Luis Jairo Ramírez H.
@JairoRamirezH
En Colombia ha existido una resistencia histórica de la oligarquía latifundista gobernante al diálogo y los acuerdos para una solución política de la confrontación armada y, particularmente, para implementar lo convenido. Las élites, atornilladas a la violencia, la tenencia de la tierra y los privilegios del poder, se resisten a los cambios y la apertura democrática.**
Eso se ha evidenciado desde la firma del armisticio entre las guerrillas liberales del llano y la dictadura de Rojas Pinilla en 1953; los guerrilleros cumplieron, pero el gobierno militar incumplió el llamado Pliego de la Gileña que contenía siete puntos de reparación. Lo mismo ocurrió con todos los acuerdos de paz posteriores.
En estos cuatro años del proceso se ha puesto de presente que la implementación se encuentra en un campo de disputa muy fuerte, pero a pesar de los ataques y las objeciones presidenciales a la JEP y a la Comisión de la Verdad, estas han venido avanzando en sus propósitos. ¿Alguien esperaba algo distinto a la pretensión de las élites de reducir el acuerdo al desarme de la guerrilla?, la lucha social unitaria está llamada a impregnarle un ímpetu transformador a los acuerdos de paz.
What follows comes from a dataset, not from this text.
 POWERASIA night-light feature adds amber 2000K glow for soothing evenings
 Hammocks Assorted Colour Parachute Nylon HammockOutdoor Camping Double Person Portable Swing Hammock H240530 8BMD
Como lo reflexiona Jairo Estrada: el acuerdo final produjo la ruptura del consenso político del bloque de poder hasta 2010 en relación con la “solución militar” del conflicto; el Estatuto de Oposición habilitó nuevas condiciones para la acción política de los sectores alternativos; más allá de los limitados alcances de la implementación la sociedad transita en una actitud política y cultural afirmativa respecto a la paz; es indudable, los acuerdos de paz influyeron en una voluminosa votación, consciente y libre, en las elecciones del 2018, que colocó al bloque de la oposición en una perspectiva distinta.
Estrada estima que hoy tenemos una sociedad más cualificada para el debate de una agenda política que trasciende los propios contenidos de los acuerdos de La Habana; afirma que nos debatimos entre dar continuidad a la lucha por la solución política no concluida y la brega por la paz completa con justicia social, o regresar a una confrontación armada en una correlación de fuerzas absolutamente adversa.
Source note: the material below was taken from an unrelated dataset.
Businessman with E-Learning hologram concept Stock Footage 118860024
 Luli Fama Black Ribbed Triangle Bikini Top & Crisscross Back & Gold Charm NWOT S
De antemano se sabía que desde el primer día el proceso iba a tener dificultades y que su avance dependería de la coherencia política de los firmantes de la paz y de una movilización social creciente; sin embargo, ya recién firmado el acuerdo sectores del ELN y la disidencia de Gentil Duarte lo descalifican; a mediados de 2018 dirigentes firmantes del acuerdo de La Habana, encabezados por Iván Márquez, toman distancia del proceso y deciden replegarse al sur del país; al mismo tiempo aparece el libro: “El fracaso de los acuerdos de paz”, de Oto Higuita; se expresa así una tendencia que de entrada pareciera sorprenderse del carácter militarista y tramposo del régimen y en vez de comprometerse a construir un poderoso movimiento de masas en las calles para la defensa del proceso, se inclinan por aislarse y retornar al pasado.
Si la paz estuviera derrotada, ¿por qué tienen miedo las élites gobernantes?
Su pesadilla está en el creciente rechazo ciudadano a la guerra medieval y la esperanza de millones de partidarios de la paz con un programa mínimo y un candidato de consenso para el 2022, para un gobierno de transición a la democracia.